Cutting Edge Technology

Some distributions strive to be on the cutting-edge. I count Fedora, openSUSE, and Ubuntu in this category. They release new stuff every few months. So you get to work with what’s new. For example, on Ubuntu, I found Django packages ready to install and work. Since I wanted a package and I found it, I was able to start working. I did not have to jump through hoops just to get to the point where I would be able to work.

Enterprise

Yes, an enterprise version would be more stable and maybe more secure. But it is also less likely to include new technology in an easily accessible format. Taking the example of Django, I have not found any tutorial on the web to install it on CentOS using an RPM package. All tutorials I have read ask you to download and install from source. Yes, it’s the traditional way to do things but if package management is the future, we should look for packages first and source code later. Now if I am developing and deploying an application developed with Django, I want to have the peace of mind that I installed a package that had been tested to work well with the whole operating system, and not something I installed without knowing how it would turn out.

To me this is the most important point after hardware support. I am willing to learn a whole another distribution if it is enterprise level with great hardware support but also keeps up with new technology. Since not one distribution will always fill these requirements, we have to look at the best tool for the job at hand.

Security

I was shocked to learn a few days ago that Ubuntu server’s default firewall policy was to accept all traffic. CentOS, on the other hand, has a pretty aggressive firewall policy. Combined with recent scandal of Debian and OpenSSL, it has dented my confidence in Ubuntu. It’s not that Ubuntu is insecure, it’s just the appearance of security in the ecosystem is absent (to me, at least). It’s also not that these things cannot be rectified by me, it’s that why would I need to take an extra step when a prudent decision could do it for me in the first place.
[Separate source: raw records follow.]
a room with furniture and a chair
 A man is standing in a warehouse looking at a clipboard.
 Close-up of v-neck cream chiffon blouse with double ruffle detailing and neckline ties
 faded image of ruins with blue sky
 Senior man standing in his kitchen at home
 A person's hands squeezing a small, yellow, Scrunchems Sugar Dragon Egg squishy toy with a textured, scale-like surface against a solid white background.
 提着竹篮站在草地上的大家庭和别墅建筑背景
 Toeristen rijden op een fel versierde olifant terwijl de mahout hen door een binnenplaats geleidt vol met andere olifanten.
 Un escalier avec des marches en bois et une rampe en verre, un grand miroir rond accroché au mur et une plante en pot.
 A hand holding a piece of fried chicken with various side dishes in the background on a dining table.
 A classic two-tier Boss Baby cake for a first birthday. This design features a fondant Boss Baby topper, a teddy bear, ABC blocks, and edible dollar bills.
Another aspect I look to is being root. Does one have to actually be root or would sudo do? I like the sudo model better since it forces you to actually type your permission when doing critical work. Yes, if you are careful su and su - would work as well as sudo. But I like the added carefulness of sudo. So the first thing I do after installing a distribution is to see if it has sudo and then enable it for at least one user.

Support

Support is a very important part of decision-making process. Support may be of three kinds: distribution creator, third-party professional, and community and friends. Support includes help as well as software updates. One can get help from many sources, and community is an essential part of this support ecosystem. It can get you started and get you out of trouble. Almost all (ok, maybe all) distributions provide software updates. Then there is an extra level of support which we know as enterprise or corporate support (think Red Hat). It is provided by either the creators and maintainer of the distribution or from third-party entities.

For a home user, software updates and community support should be sufficient. For a business, however, ‘corporate’ support is essential on production systems. Businesses like to pay someone to get extra insurance in case it is needed. If a server is essential to business operations, it is very important that the team running the server knows what it is doing, has community support for minor issues, and corporate support when things go really bad.

Red Hat, Novell, and Canonical provide this kind of support as they create their distributions. Of course, if you have a good team running your servers, you may not need to get corporate support. But if your manager is a non-technical person, she will most probably require it. And if it’s not your money being spent, why argue?

Conclusion

This was meant to be a discussion of factors I would look into when choosing a distribution. Nothing more, nothing less.

Disclaimer: I have edited, and will edit, this post as new arguments come up.